(Records excerpted from a collection)
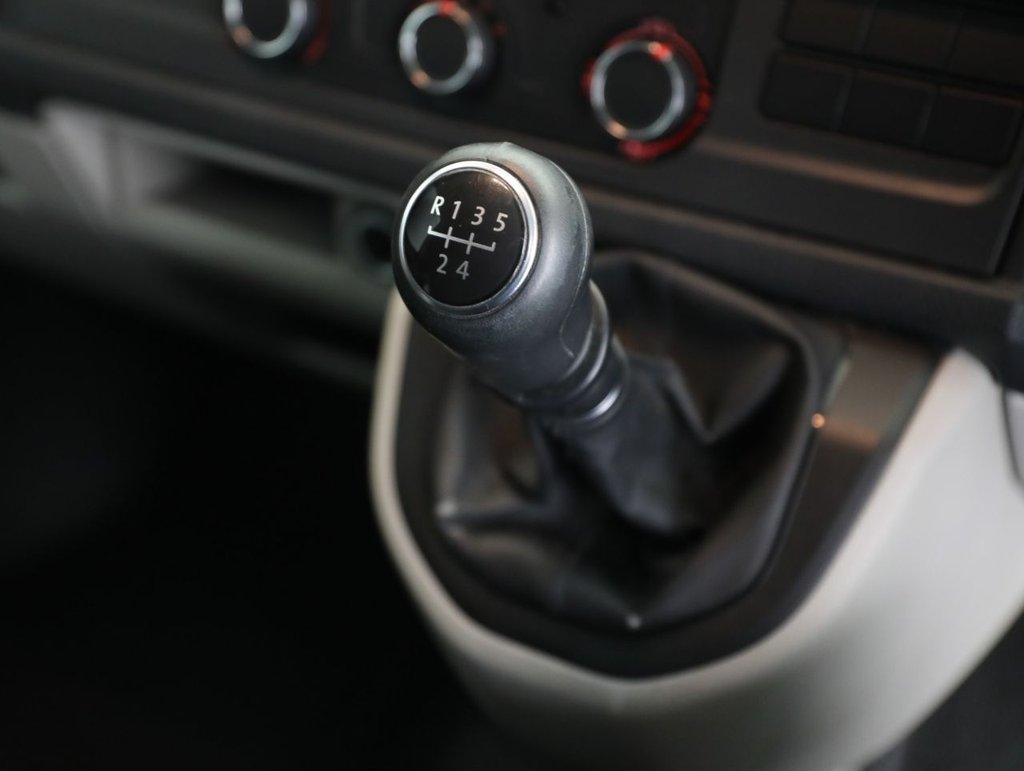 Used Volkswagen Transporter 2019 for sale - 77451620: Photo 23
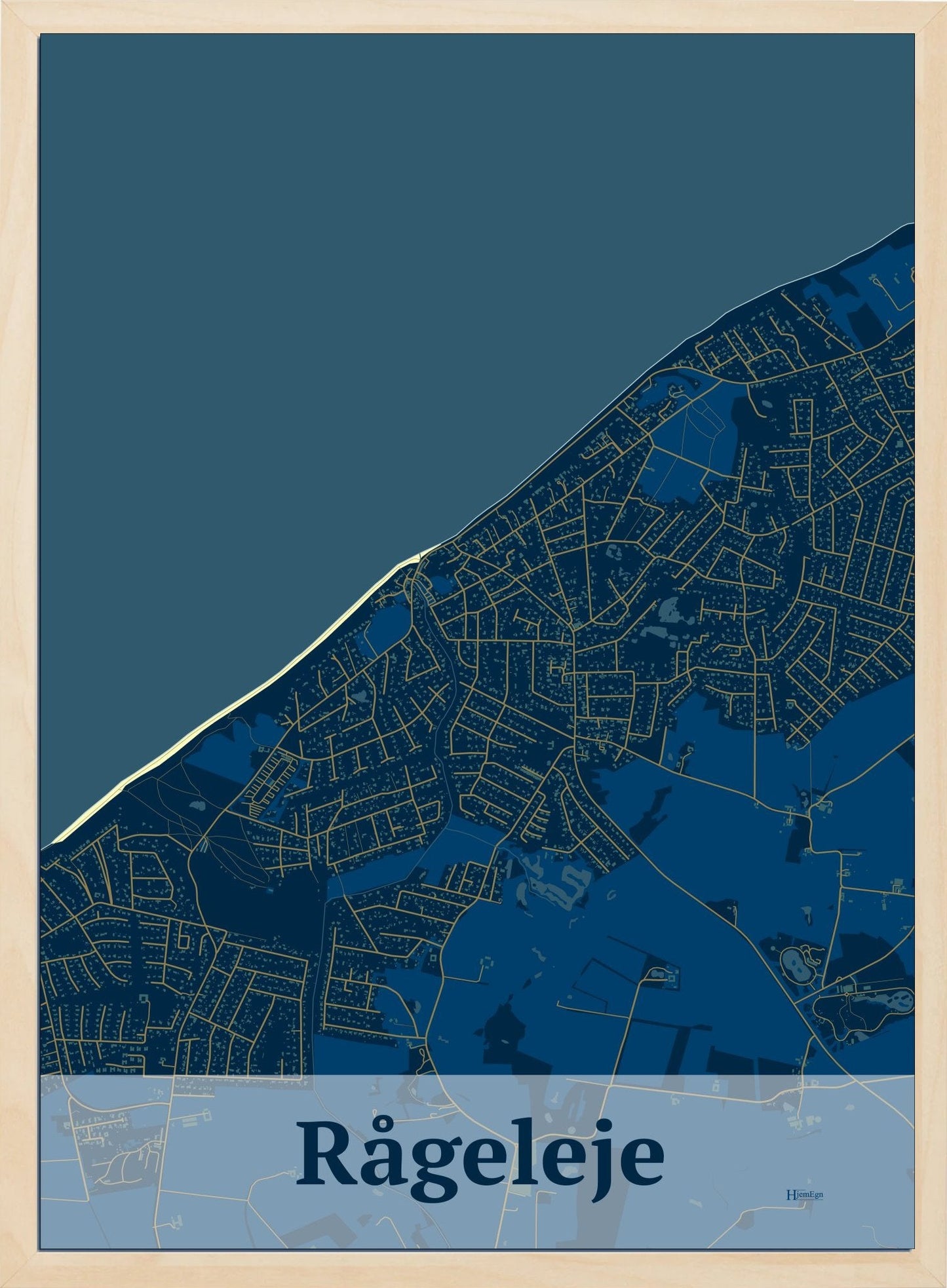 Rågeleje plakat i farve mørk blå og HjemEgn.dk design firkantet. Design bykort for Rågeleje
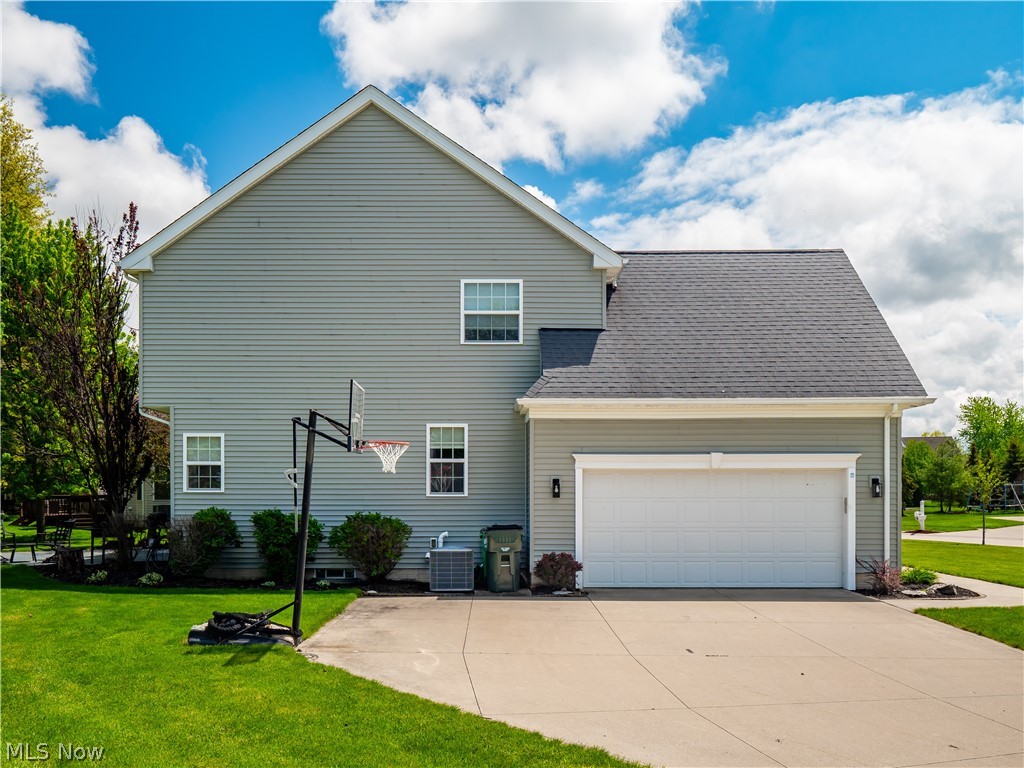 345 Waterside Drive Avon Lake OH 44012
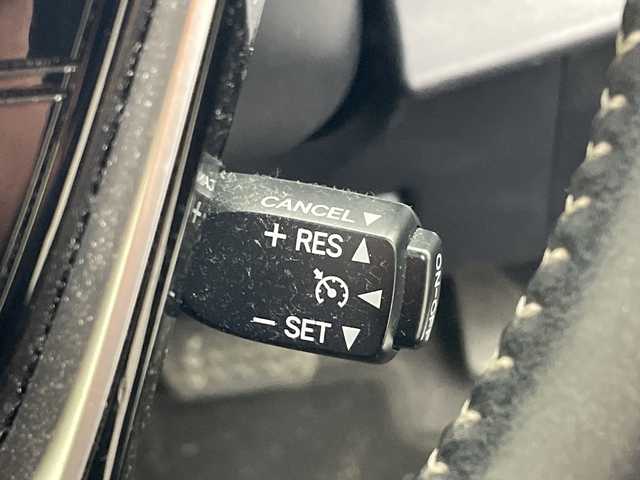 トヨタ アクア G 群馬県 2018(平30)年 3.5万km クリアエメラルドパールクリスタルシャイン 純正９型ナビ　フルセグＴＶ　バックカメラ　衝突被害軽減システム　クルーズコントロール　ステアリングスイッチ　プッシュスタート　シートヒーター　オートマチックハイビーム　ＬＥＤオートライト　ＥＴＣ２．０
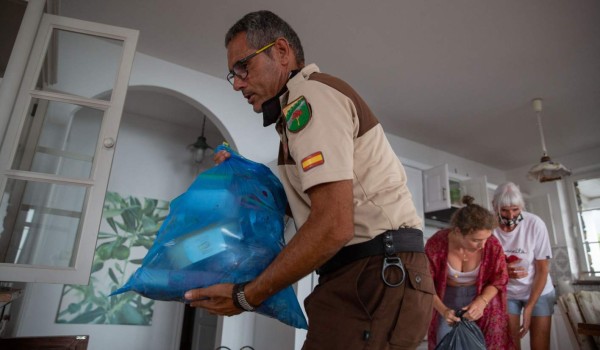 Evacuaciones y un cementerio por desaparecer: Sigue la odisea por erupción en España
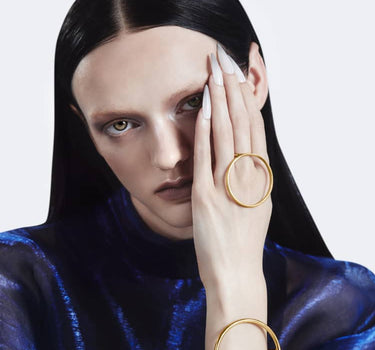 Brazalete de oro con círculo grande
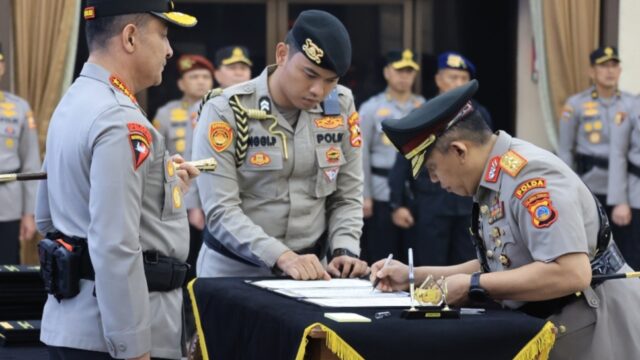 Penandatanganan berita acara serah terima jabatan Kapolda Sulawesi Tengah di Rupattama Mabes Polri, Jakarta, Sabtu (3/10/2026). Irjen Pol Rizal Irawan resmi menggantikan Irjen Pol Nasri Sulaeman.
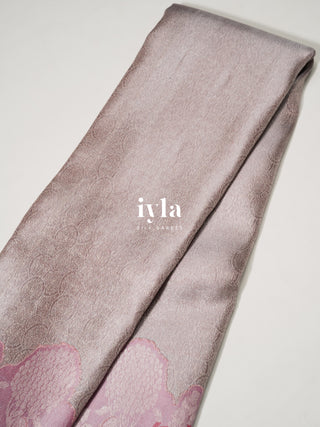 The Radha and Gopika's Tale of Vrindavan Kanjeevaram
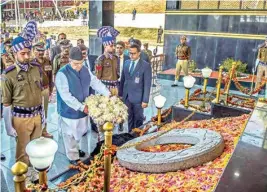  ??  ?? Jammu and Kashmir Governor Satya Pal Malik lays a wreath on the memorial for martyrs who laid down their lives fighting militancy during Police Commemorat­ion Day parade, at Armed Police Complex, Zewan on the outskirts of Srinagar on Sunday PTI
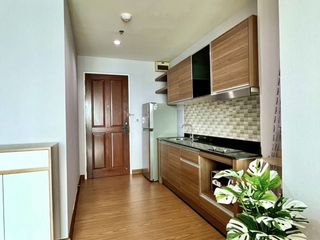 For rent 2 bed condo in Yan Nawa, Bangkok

» Activity
What is needed is an exact copy of the records above, with no pictures in it.

» Written solution
 Used Volkswagen Transporter 2019 for sale - 77451620: Photo 23
 Rågeleje plakat i farve mørk blå og HjemEgn.dk design firkantet. Design bykort for Rågeleje
 345 Waterside Drive Avon Lake OH 44012
 トヨタ アクア G 群馬県 2018(平30)年 3.5万km クリアエメラルドパールクリスタルシャイン 純正９型ナビ　フルセグＴＶ　バックカメラ　衝突被害軽減システム　クルーズコントロール　ステアリングスイッチ　プッシュスタート　シートヒーター　オートマチックハイビーム　ＬＥＤオートライト　ＥＴＣ２．０
 Evacuaciones y un cementerio por desaparecer: Sigue la odisea por erupción en España
 Brazalete de oro con círculo grande
 Penandatanganan berita acara serah terima jabatan Kapolda Sulawesi Tengah di Rupattama Mabes Polri, Jakarta, Sabtu (3/10/2026). Irjen Pol Rizal Irawan resmi menggantikan Irjen Pol Nasri Sulaeman.
 The Radha and Gopika's Tale of Vrindavan Kanjeevaram
  ??  ?? Jammu and Kashmir Governor Satya Pal Malik lays a wreath on the memorial for martyrs who laid down their lives fighting militancy during Police Commemorat­ion Day parade, at Armed Police Complex, Zewan on the outskirts of Srinagar on Sunday PTI
 For rent 2 bed condo in Yan Nawa, Bangkok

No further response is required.